Which Advice to Take?
Opening Prayer
Gracious Lord, I praise You for leading me into Your Kingdom; the Kingdom of faith, hope and love.
Read 1 KINGS 12:1-20
[1]
Scripture taken from the THE HOLY BIBLE, NEW INTERNATIONAL VERSION, NIV Copyright © 1973, 1978, 1984, 2011 by Biblica, Inc.® Used by permission. All rights reserved worldwide.
Meditate
“Whoever loves discipline loves knowledge, but whoever hates correction is stupid” (Prov. 12:1). We need discernment to evaluate the advice others give us.
Think Further
The repetitive language of this story is characteristic of storytelling in oral cultures including those of the Ancient Near East and aids memorization. Like a visitor to a statuary or ancient monument, I walk slowly round the pentagon of people in the story (Rehoboam, Jeroboam, the elders, the youths and Israel), observing closely. There is a dramatic reversal between verse 1 and verse 20! Jeroboam had fled to Egypt (1 Kings 11:40), but today’s story ends with Rehoboam only just making it to his chariot in order to flee himself (18) after Adoniram, his forced-labor chief, has been stoned to death.

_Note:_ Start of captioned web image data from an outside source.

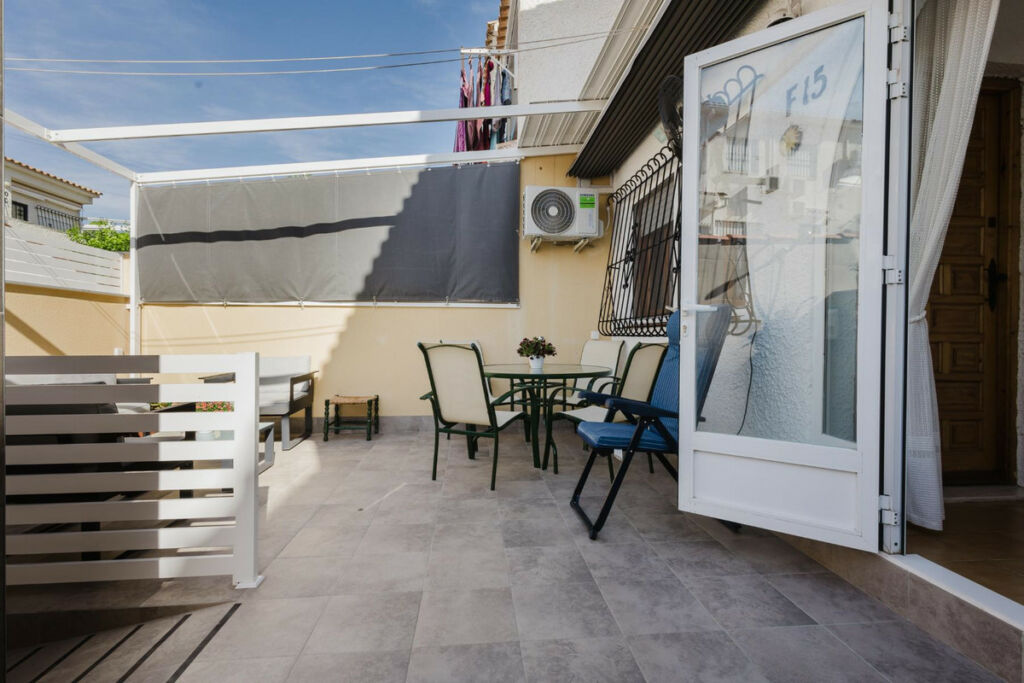 Bungalow Torrevieja Alicante - image 5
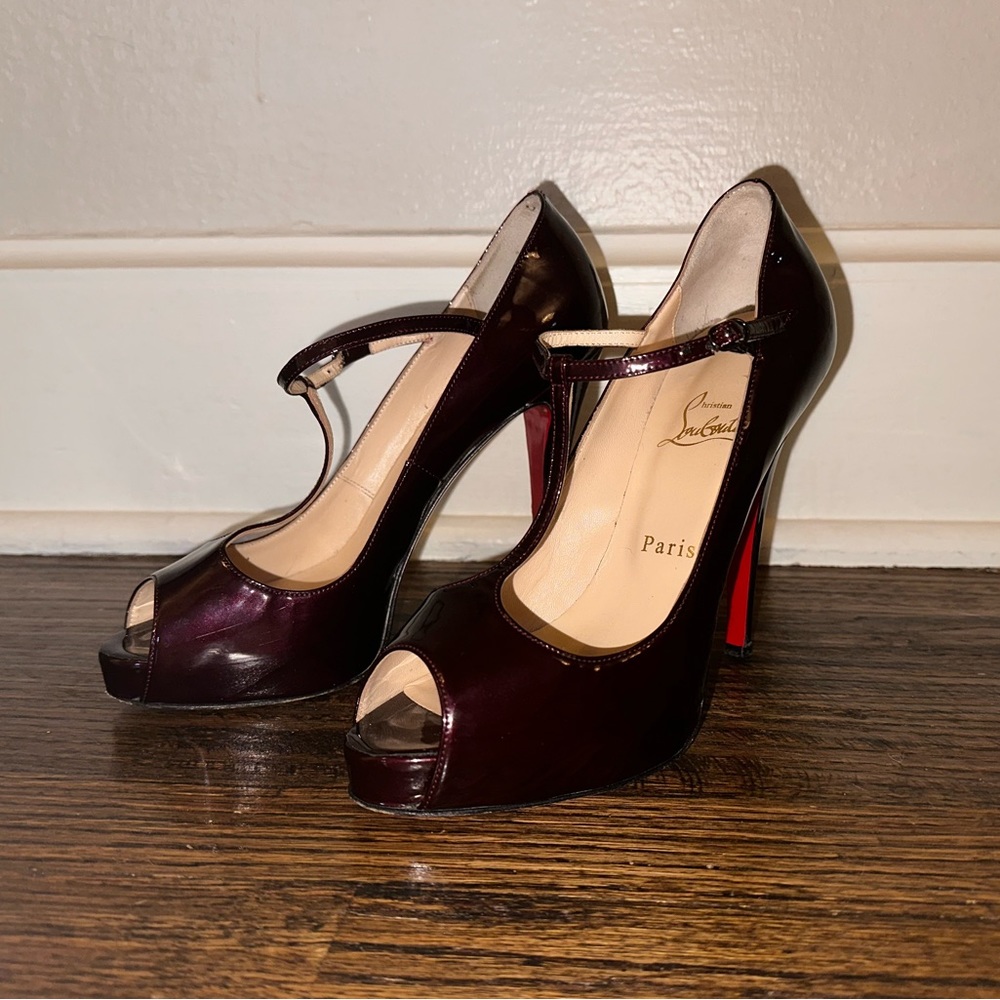Christian Louboutin Burlina 120 T-Strap Peep Toe Pumps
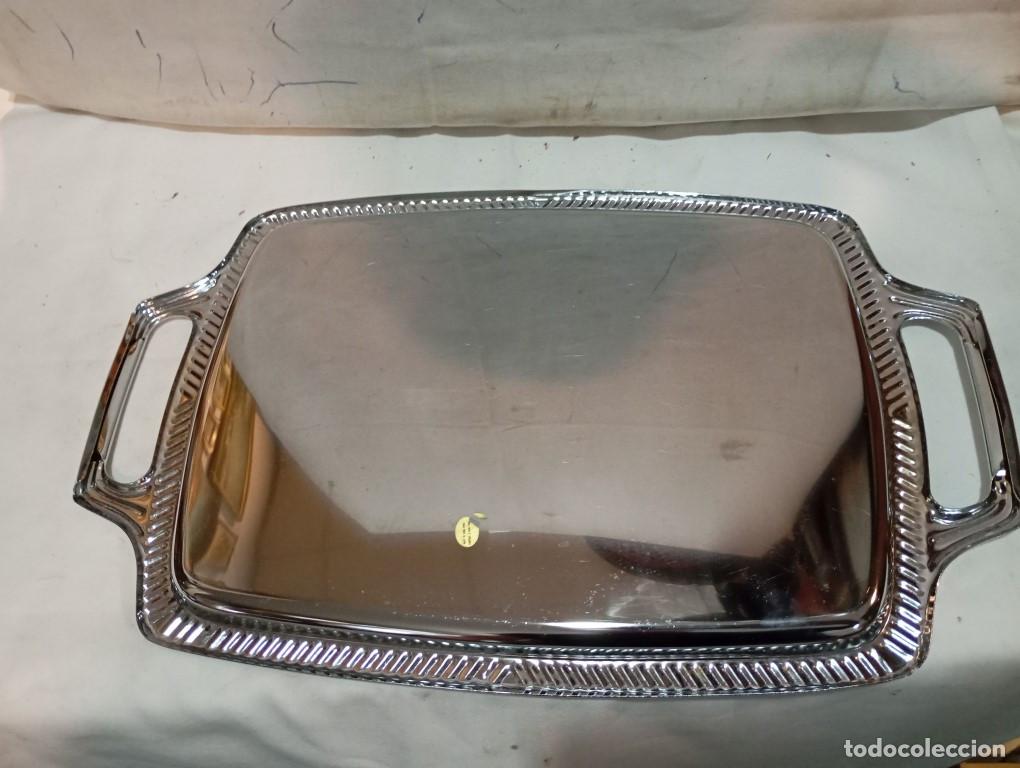 Antig&uuml;edades: bandeja de acero con asas - Foto 2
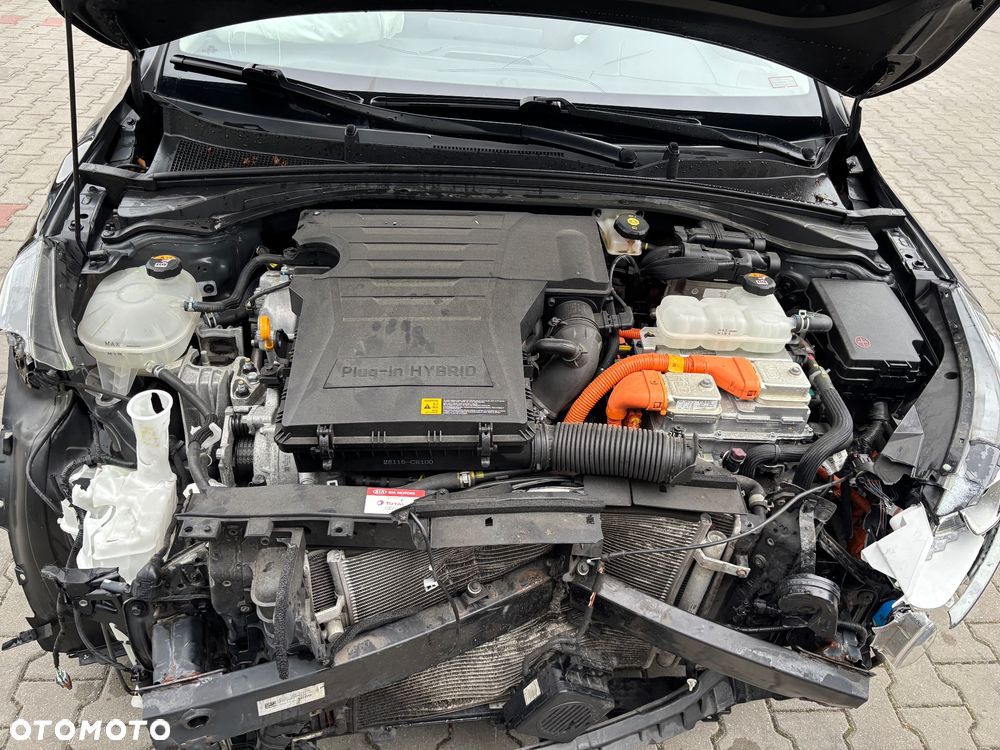 Kia Ceed 1.6 GDI PHEV L DCT - 11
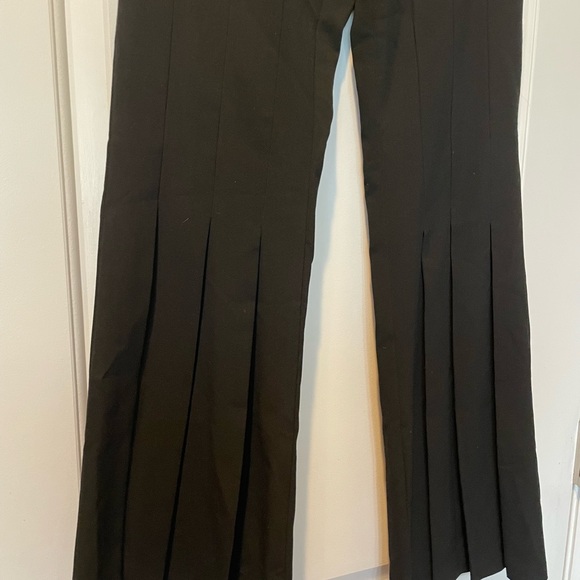 Lvl x Bell Bottom Black Pleated Dress Pants S (2) - Picture 3 of 11
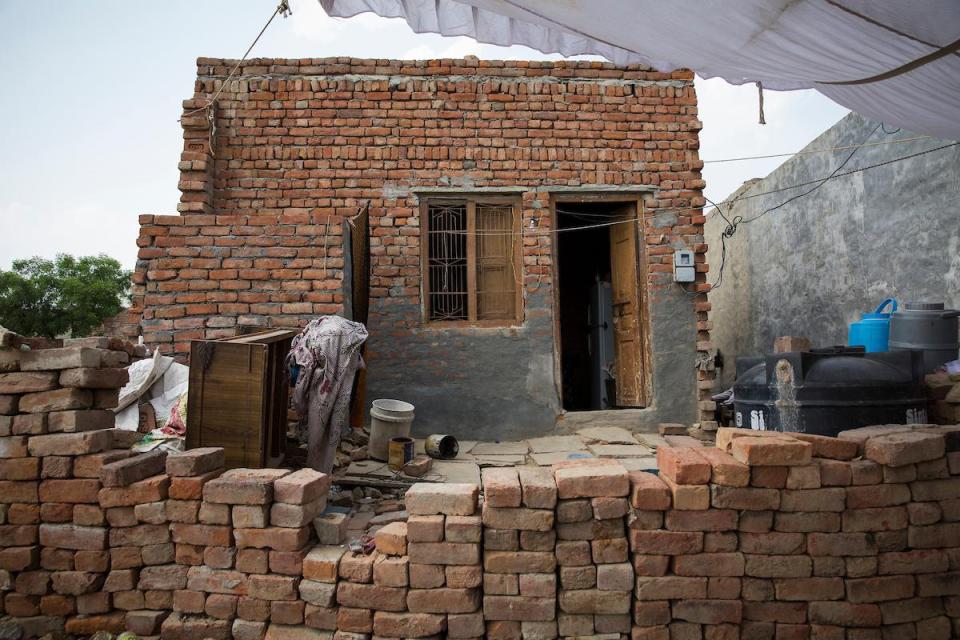  The home where the impoverished family live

The narrative indicates subtly some reasons why Solomon’s project is creaking and cracking: he could never have achieved all his building and commercial projects without forced labor–the heavy yoke, the harsh labor, the whips. The elders advise a different approach: the three uses of the word “serve” make the point quietly. The youths, Rehoboam’s peers, have no time for such conciliation and gentleness: they crudely urge much more force. The narrator artfully passes his verdict on this advice by making Rehoboam omit the young men’s coarsest expression (about little finger and loins).
Rehoboam stupidly followed the advice of his peer group. The separatist cry of verse 16 had been heard before in David’s time (2 Sam. 20:1). A division is appearing between “David” and “Israel.” They had always been together, but now Israel was going to its tents and only Judah “remained loyal to the house of David” (20). I focus on the unique word translated “turn of events” in verse 15. Somehow Rehoboam’s stupidity is caught up and contained within God’s wider sovereignty. What he has spoken through his prophet will come to pass.
Apply
Recall a time when a bad choice of yours was “caught up and contained within God’s wider sovereignty.” What lessons did you learn from the experience?
Closing prayer
Mighty God, I’m grateful that You are in charge of all things, not me. Thank You for bringing good out of my bad choices.